Para Adrián Martínez, diretor da Ruta al Clima, uma organização que promove a participação cidadã na governança climática, a América Latina chegou à COP27 e tentou ao máximo não ser “invisível” na Cúpula. “Esta é uma discussão muito dominada pela África, que ofusca [nossa] região”, disse ele, acrescentando que os países latino-americanos podem ter dificuldades para “aparecer nesta obscuridade”, mesmo Brasil e Colômbia, os maiores atores regionais.

Aumento de financiamento é prioridade

Apesar da fragmentação em diferentes blocos, os discursos dos líderes latino-americanos na COP27 enfatizaram várias questões prioritárias para a região, principalmente o aumento do financiamento para enfrentar os efeitos da crise climática, para apoiar a redução de emissões e para a proteção das florestas – notadamente da Amazônia.

Um próximo relatório da Comissão Econômica para a América Latina e o Caribe (CEPAL), cuja previsão foi apresentada na COP27, revelou que a região tem atualmente acesso a US$ 22 bilhões em financiamento climático para mitigação e adaptação. Mas até 2030, a comissão informa que serão necessários entre US$154 bilhões e US$198 bilhões.

financiamento climática desenvolvimento COP26 adaptação Banco Mundial carbono mudanças climáticas
Saiba mais: Onde está o financiamento para a ação climática?

“A América Latina não tem estado no centro da conversa e isto é preocupante para certas questões como o financiamento. É por isso que tem que se posicionar”, disse Sandra Guzman, coordenadora do Climate Finance Group for Latin America and the Caribbean (GFLAC). “É uma região que tem muito a dar, mas que não o faz de forma abrangente”.

Em um evento paralelo à COP27, os presidentes Petro e Maduro apelaram para uma maior proteção da floresta amazônica. Para isso, propuseram o relançamento da Organização do Tratado de Cooperação Amazônica, um acordo assinado em 1978 com Brasil, Bolívia, Guiana, Peru, Suriname e Venezuela que reconhece a natureza transfronteiriça do bioma.

“Estamos determinados a revitalizar a floresta amazônica para dar à humanidade uma importante vitória na luta contra a mudança climática”, disse Petro, que lembrou seu compromisso anterior de alocar US$ 200 milhões para proteger o bioma na Colômbia. Maduro, por sua vez, apelou para “parar a destruição e iniciar um processo de recuperação”. Houve também um convite de participação estendido ao próximo presidente brasileiro Lula, com Petro descrevendo o envolvimento do Brasil como “absolutamente estratégico”.

A América Latina não tem estado no centro da conversa e isto é preocupante para certas questões como o financiamento

Juntamente com outros 22 países, Costa Rica, Equador, Guiana e Colômbia lançaram The Forest & Climate Leaders' Partnership, uma aliança para deter a perda e a degradação da floresta até 2030, promovendo o desenvolvimento sustentável.

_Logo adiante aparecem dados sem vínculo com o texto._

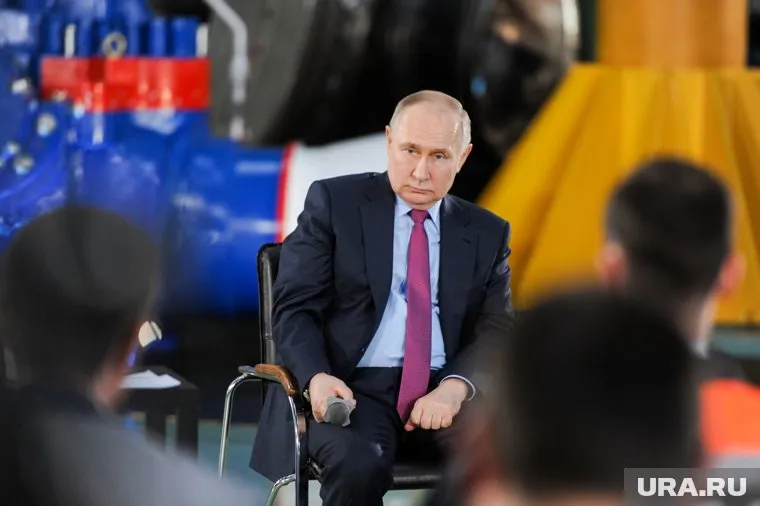 Будущее Миасса Владимир Путин еще в феврале, встретившись с молодыми челябинскими рабочими и студентами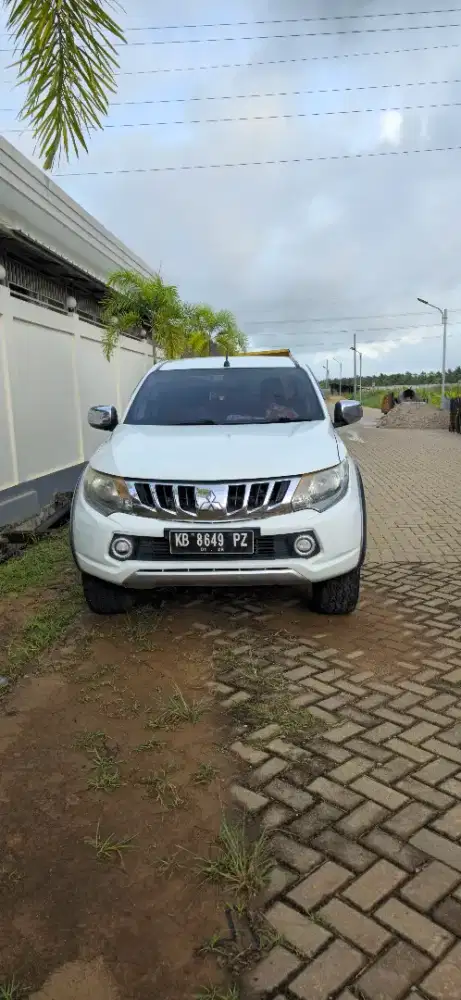 Mitsubshi triton double cabin 2.5 gls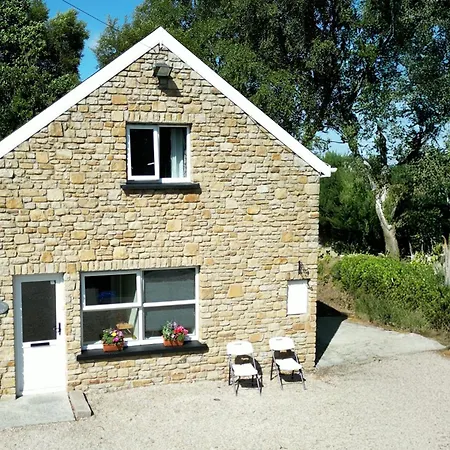 Heartbeat By Travel Lets Homes With Private Ensuite & Garden *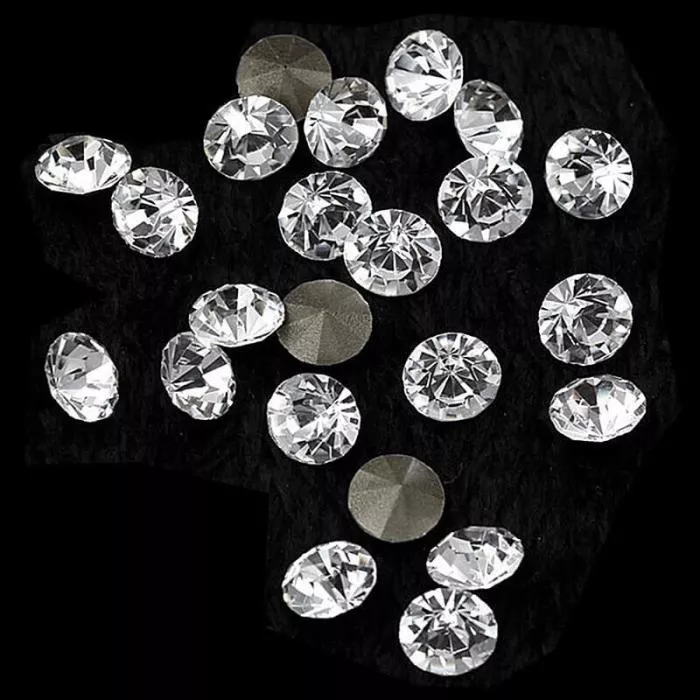 Chatons Glas Silber Doppelkegel (Ø: 8 mm), 10 Stück Chatons Glas Silber Doppelkegel (Ø: 8 mm), 10 Stück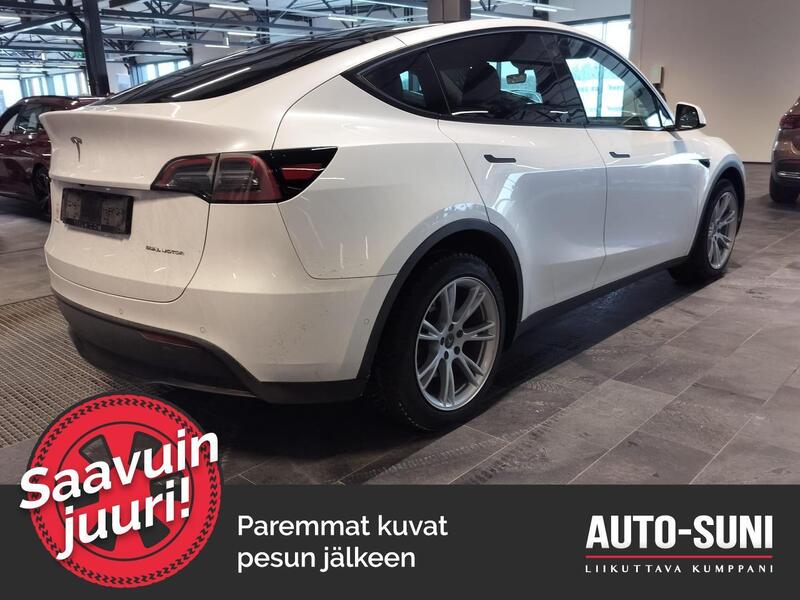 Tesla Model Y vaihtoauto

A parceria vem com financiamento da Alemanha e do Reino Unido para implementação nos próximos anos, e segue os compromissos sobre florestas assumidos na cúpula COP26 em Glasgow, na Escócia.

A COP27 continuará até 18 de novembro, com a segunda semana centrada nas negociações, buscando finalizar detalhes pendentes da implementação do Acordo de Paris, como os mercados de carbono, bem como um novo mecanismo de financiamento para perdas e danos pelos efeitos já visíveis das mudanças climáticas.